On December 29, 2025, ICE Clear Credit LLC (“ICC”) filed with the Securities and Exchange Commission (“Commission”), pursuant to Section 19(b)(1) of the Securities Exchange Act of 1934 (“Act”) [^1] and Rule 19b-4 thereunder, [^2] a proposed rule change to revise the ICC Collateral Risk Management Framework (the “Proposed Rule Change”). The Proposed Rule Change was published for comment in the *Federal Register* on January 13, 2026. [^3] On January 29, 2026, the Commission designated a longer period within which to take action on the Proposed Rule Change, until April 13, 2026. [^4] The Commission has not received any comments on the Proposed Rule Change. For the reasons discussed below, the Commission is approving the Proposed Rule Change.

[^1] 15 U.S.C. 78s(b)(1).

[^2] 17 CFR 240.19b-4.

[^3] Securities Exchange Act Release No. 104559 (Jan. 8, 2026), 91 FR 1368 (Jan. 13, 2026) (File No. SR-ICC-2025-014) (“Notice”).

[^4] Securities Exchange Act Release No. 104741 (Jan. 29, 2026), 91 FR 4974 (Feb. 3. 2026).

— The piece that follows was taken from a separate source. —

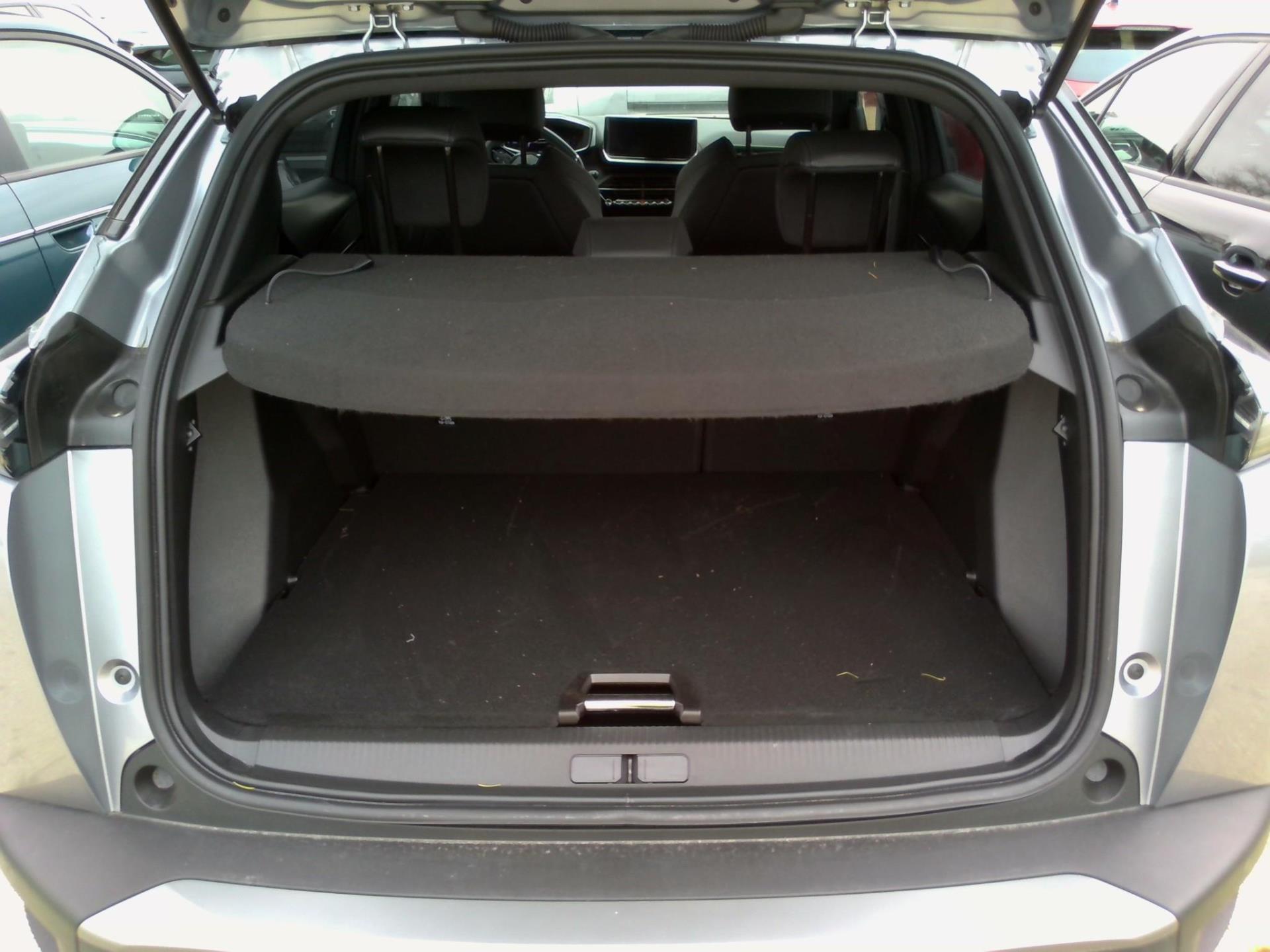 Peugeot 2008 Hybrid 136 e-DCS6 GT 2024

**II. Description of the Proposed Rule Change**

ICC is registered with the Commission as a clearing agency for the purpose of clearing CDS contracts for its Clearing Participants. [^5] Clearing CDS contracts for its Clearing Participants exposes ICC to credit risk. To manage and mitigate this credit risk, ICC monitors its credit exposures and requires Clearing Participants to satisfy margin requirements and contribute to a guaranty fund. Clearing Participants, in turn, meet their margin and guaranty fund requirements by posting collateral to ICC. [^6]

[^5] Capitalized terms not otherwise defined herein have the meanings assigned to them in ICC's Clearing Rules or the Collateral Risk Management Framework, as applicable. The Rules are available at *https://www.ice.com/clear-credit/regulation.*

[^6] For additional information regarding ICC and the operation of its clearing services, *see* ICC Disclosure Framework, *https://www.ice.com/publicdocs/clear_credit/ICEClearCredit_DisclosureFramework.pdf* .

ICC limits the assets it accepts as collateral to those with low credit,  liquidity, and market risks, including cash and certain U.S. Treasury securities. Nevertheless, the price of collateral may fluctuate, leading to the risk that the value of collateral could be less than needed to satisfy margin or guaranty fund requirements. To manage this potential risk, ICC, among other things, values its collateral holdings daily and applies haircut factors to the value of collateral. These haircut factors are designed to account for potential decline in value of collateral during stressed market conditions. The Collateral Risk Management Framework (“CRMF”) describes ICC's quantitative risk management approach to collateral, including accounting for the risk associated with fluctuations of collateral asset prices through the determination and application of haircut factors to the value of collateral.

ICC proposes revising the CRMF to add further description of how it rounds up final haircut factors and conducts back-testing of the performance of its collateral risk management. ICC also proposes removing and updating outdated references in the CRMF. These changes are intended to address certain recommendations stemming from an independent validator's review of the CRMF and to make the CRMF consistent with ICC's Back-Testing Framework. [^7] These changes do not amend ICC's overall methodology for collateral risk. [^8]

[^7] Notice, 91 FR at 1369.

[^8]*Id.*

**A. Haircut Factor Rounding**

As described in Section I.c of the CRMF, ICC rounds up its final haircut factors to ensure stability and some conservative bias. ICC does not propose changing the methodology associated with this rounding but rather proposes clarifications to describe its practice of rounding haircut factors.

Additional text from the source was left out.